### Data for analysis

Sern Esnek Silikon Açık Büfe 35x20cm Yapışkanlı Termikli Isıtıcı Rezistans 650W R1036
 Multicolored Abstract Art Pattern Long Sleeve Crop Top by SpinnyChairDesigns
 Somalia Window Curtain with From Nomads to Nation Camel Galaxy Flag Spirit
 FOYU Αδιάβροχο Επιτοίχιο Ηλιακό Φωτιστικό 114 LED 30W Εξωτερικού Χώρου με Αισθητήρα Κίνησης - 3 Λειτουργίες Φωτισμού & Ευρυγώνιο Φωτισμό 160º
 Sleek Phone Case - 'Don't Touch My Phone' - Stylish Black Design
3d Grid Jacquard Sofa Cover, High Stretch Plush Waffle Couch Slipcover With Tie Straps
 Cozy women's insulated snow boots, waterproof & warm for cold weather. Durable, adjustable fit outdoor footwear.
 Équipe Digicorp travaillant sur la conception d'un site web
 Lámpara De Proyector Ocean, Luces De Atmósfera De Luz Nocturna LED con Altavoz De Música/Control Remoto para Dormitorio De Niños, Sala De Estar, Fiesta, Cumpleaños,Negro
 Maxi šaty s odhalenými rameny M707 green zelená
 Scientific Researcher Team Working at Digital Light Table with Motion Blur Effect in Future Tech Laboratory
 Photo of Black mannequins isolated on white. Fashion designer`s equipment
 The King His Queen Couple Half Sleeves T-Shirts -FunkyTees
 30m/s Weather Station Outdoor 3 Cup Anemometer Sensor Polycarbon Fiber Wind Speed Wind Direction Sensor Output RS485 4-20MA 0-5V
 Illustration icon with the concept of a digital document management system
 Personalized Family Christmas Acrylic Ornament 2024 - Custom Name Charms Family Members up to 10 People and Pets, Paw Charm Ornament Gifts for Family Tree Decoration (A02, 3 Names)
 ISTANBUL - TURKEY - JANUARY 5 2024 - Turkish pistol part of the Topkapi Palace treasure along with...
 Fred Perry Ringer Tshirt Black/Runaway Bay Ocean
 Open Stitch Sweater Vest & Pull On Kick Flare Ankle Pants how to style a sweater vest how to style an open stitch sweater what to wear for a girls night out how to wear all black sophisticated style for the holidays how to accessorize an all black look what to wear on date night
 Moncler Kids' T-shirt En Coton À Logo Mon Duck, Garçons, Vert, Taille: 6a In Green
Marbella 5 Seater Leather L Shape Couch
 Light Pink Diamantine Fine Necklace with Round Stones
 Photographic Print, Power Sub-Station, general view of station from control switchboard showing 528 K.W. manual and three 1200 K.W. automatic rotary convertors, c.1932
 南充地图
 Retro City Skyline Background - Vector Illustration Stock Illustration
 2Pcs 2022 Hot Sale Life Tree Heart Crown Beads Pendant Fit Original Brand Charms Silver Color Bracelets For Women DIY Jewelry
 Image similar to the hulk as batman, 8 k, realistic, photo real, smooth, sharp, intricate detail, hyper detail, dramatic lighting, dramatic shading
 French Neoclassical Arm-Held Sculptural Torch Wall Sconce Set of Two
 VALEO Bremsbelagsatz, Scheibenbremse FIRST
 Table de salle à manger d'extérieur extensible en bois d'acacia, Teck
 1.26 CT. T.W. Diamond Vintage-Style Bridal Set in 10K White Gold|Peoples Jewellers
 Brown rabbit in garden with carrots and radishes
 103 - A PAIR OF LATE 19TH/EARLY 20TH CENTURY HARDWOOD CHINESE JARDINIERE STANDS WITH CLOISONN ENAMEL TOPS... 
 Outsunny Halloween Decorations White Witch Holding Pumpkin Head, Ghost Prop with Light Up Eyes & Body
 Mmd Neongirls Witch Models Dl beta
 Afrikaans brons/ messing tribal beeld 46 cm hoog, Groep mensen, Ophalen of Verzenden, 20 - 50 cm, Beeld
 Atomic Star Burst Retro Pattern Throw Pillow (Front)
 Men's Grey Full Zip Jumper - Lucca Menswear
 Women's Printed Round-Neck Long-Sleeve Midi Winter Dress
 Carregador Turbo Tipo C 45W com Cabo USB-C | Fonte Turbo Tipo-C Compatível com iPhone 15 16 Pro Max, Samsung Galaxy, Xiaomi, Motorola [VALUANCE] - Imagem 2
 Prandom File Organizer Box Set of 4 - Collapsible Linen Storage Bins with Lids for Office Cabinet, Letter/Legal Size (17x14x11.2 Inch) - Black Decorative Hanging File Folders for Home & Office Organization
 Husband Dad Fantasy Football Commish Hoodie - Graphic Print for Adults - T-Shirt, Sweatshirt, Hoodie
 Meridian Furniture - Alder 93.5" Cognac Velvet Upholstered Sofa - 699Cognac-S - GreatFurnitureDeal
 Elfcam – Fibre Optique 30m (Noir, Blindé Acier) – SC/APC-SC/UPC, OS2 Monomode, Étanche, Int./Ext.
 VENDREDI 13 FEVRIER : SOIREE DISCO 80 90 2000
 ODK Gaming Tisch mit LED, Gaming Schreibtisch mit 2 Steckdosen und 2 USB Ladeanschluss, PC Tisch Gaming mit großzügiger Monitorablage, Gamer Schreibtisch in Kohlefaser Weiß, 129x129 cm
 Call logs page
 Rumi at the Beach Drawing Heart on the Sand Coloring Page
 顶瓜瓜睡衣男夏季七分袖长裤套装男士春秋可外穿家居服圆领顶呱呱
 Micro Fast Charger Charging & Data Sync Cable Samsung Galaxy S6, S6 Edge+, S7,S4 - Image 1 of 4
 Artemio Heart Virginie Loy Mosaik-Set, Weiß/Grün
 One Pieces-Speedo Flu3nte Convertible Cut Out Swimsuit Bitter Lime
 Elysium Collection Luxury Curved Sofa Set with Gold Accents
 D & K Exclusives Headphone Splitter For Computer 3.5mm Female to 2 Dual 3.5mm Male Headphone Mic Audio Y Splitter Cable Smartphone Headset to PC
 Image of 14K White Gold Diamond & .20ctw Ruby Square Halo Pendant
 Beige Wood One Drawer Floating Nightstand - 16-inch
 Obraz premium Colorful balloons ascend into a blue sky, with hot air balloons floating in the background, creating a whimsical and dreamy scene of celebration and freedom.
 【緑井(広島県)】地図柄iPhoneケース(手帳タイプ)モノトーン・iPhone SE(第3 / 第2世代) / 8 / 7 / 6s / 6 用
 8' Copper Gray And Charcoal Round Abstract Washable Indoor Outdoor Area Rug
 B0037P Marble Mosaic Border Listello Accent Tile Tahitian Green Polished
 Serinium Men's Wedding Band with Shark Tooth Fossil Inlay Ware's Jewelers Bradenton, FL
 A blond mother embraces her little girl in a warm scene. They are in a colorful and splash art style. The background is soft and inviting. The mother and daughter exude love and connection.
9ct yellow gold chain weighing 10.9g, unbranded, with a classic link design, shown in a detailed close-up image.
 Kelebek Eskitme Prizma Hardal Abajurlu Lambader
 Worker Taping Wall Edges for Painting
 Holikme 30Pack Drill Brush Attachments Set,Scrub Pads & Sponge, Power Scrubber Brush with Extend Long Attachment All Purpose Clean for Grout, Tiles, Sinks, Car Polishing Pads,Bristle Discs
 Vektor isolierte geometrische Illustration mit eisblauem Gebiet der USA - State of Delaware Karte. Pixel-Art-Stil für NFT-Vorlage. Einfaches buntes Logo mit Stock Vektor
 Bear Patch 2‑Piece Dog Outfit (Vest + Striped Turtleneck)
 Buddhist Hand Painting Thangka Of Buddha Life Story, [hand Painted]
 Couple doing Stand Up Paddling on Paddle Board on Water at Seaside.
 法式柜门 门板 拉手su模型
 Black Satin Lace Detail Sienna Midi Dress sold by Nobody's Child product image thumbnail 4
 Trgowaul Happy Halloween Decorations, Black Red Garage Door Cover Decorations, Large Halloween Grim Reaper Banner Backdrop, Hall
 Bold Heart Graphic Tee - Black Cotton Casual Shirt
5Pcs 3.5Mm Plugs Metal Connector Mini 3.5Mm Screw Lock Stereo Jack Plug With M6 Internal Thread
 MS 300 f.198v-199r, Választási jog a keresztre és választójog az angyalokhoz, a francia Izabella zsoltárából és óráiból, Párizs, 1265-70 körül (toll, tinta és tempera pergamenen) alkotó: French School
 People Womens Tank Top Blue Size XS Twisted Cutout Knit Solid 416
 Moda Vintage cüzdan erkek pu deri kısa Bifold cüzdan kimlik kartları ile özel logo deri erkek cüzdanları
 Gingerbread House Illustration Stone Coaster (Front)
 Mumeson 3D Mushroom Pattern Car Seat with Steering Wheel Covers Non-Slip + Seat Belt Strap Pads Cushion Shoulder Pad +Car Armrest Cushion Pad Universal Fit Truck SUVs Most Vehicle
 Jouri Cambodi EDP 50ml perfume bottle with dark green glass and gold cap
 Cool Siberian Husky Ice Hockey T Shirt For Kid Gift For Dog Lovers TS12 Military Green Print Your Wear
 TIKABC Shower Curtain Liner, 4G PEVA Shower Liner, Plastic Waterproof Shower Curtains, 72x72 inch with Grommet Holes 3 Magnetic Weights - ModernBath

######

*Task item:* Within the listing above, extract exactly the lines from the line with "Rumi at the" to the line with "9ct yellow gold", the two named lines included, and no others.

*Result of the exercise:*
 Rumi at the Beach Drawing Heart on the Sand Coloring Page
 顶瓜瓜睡衣男夏季七分袖长裤套装男士春秋可外穿家居服圆领顶呱呱
 Micro Fast Charger Charging & Data Sync Cable Samsung Galaxy S6, S6 Edge+, S7,S4 - Image 1 of 4
 Artemio Heart Virginie Loy Mosaik-Set, Weiß/Grün
 One Pieces-Speedo Flu3nte Convertible Cut Out Swimsuit Bitter Lime
 Elysium Collection Luxury Curved Sofa Set with Gold Accents
 D & K Exclusives Headphone Splitter For Computer 3.5mm Female to 2 Dual 3.5mm Male Headphone Mic Audio Y Splitter Cable Smartphone Headset to PC
 Image of 14K White Gold Diamond & .20ctw Ruby Square Halo Pendant
 Beige Wood One Drawer Floating Nightstand - 16-inch
 Obraz premium Colorful balloons ascend into a blue sky, with hot air balloons floating in the background, creating a whimsical and dreamy scene of celebration and freedom.
 【緑井(広島県)】地図柄iPhoneケース(手帳タイプ)モノトーン・iPhone SE(第3 / 第2世代) / 8 / 7 / 6s / 6 用
 8' Copper Gray And Charcoal Round Abstract Washable Indoor Outdoor Area Rug
 B0037P Marble Mosaic Border Listello Accent Tile Tahitian Green Polished
 Serinium Men's Wedding Band with Shark Tooth Fossil Inlay Ware's Jewelers Bradenton, FL
 A blond mother embraces her little girl in a warm scene. They are in a colorful and splash art style. The background is soft and inviting. The mother and daughter exude love and connection.
9ct yellow gold chain weighing 10.9g, unbranded, with a classic link design, shown in a detailed close-up image.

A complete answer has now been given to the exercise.